Carolynne Willey (née Good; born 5 August 1980) is a British singer-songwriter, actress and former model from Leeds, England. She is a founding member of the Carolynne Good Band, based in Leeds and London. She is best known for finishing in third place on the second series of the BBC singing competition Fame Academy in 2003. In 2011, Willey was a contestant on The X Factor and made it to the judges' houses' stage of the competition. She returned to the show the following series in 2012 and made it to the live shows, but was eliminated after the first live show following a sing-off against Rylan Clark.

Early and personal life
Carolynne Good was born in Leeds, Yorkshire. She attended Pudsey Grangefield High School.

She was previously married to footballer David Poole. In August 2015, Good announced that she was in a relationship with England cricketer David Willey, whom she married in November 2016.

Singing career

1998–2001: Early career
Poole's early musical influences included The Eagles, U2, The Carpenters, and Mary Chapin Carpenter. In 1998, having moved from Leeds to London to pursue a career as a singer-songwriter, she was one of the final 15 in auditions for S Club 7, along with Pop Idol contestant Zoe Birkett. The following year, Poole joined and fronted a five-member country music band, with which she toured the UK. In 2001, she signed her first publishing contract with BMG Music Publishing. In 2000, she continued to develop her songwriting talents in the UK and Europe. She split most of her time between London and Stockholm, writing for other recording artists, writing and recording with different songwriters and producers.

2003–05: Fame Academy, songwriting and touring
In 2003, Poole appeared in the second series of the BBC's singing competition Fame Academy, in which she reached the final. A song she co-wrote with fellow contestants Alex Parks and James Fox, titled "Not Your Average Kind of Girl", was included on Parks' 2003 debut album Introduction. The album reached number 5 on the UK Albums Chart and has since been classified 2x Platinum in the UK, and gold in six other countries including Italy, Greece, Germany, and Australia.
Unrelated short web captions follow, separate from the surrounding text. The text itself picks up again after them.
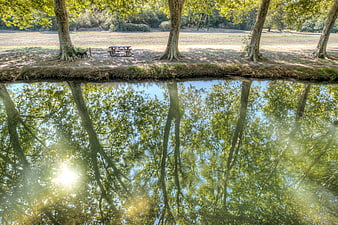 Serene River Reflection of Trees and Picnic Table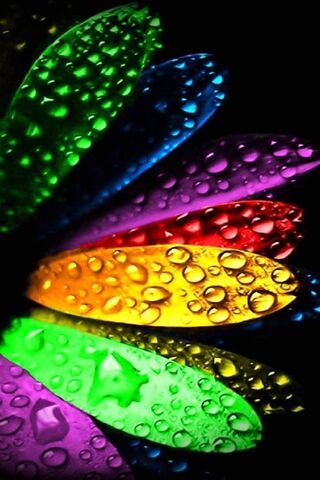 Vibrant Petals: Nature's Colorful Canvas 🌈💧
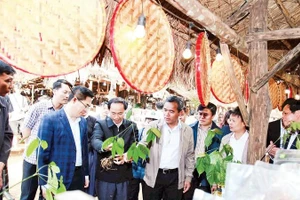 Nông sản, dược liệu các xã miền núi tỉnh Quảng Ngãi trưng bày tại chương trình Tuần lễ văn hóa-du lịch Măng Đen 2026.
Poole spent 2004 continuing to writing songs, and in the next year toured the UK with Tony Christie. Under the wing of Christie's Amarillo Music, she co-wrote new material and formed the Carolynne Good Band in 2005 with songwriter/bassist Don Rogers, drummer Sean Fitzgerald, guitarists Alex Rogers and Alex Sharman from the London-based band Starling, and keyboard player Maki. The band described their sound as "a mixture of classic singer-songwriter melodies with a country flavour."

2011–12: The X Factor

In 2011, Poole auditioned for the eighth series of The X Factor. She reached the "judges' houses" stage, where Louis Walsh was her mentor in the "over 25s" category, but failed to progress through to the live shows, with Walsh instead choosing Johnny Robinson, Kitty Brucknell, Jonjo Kerr and Goldie Cheung (who later dropped out and was replaced by Sami Brookes).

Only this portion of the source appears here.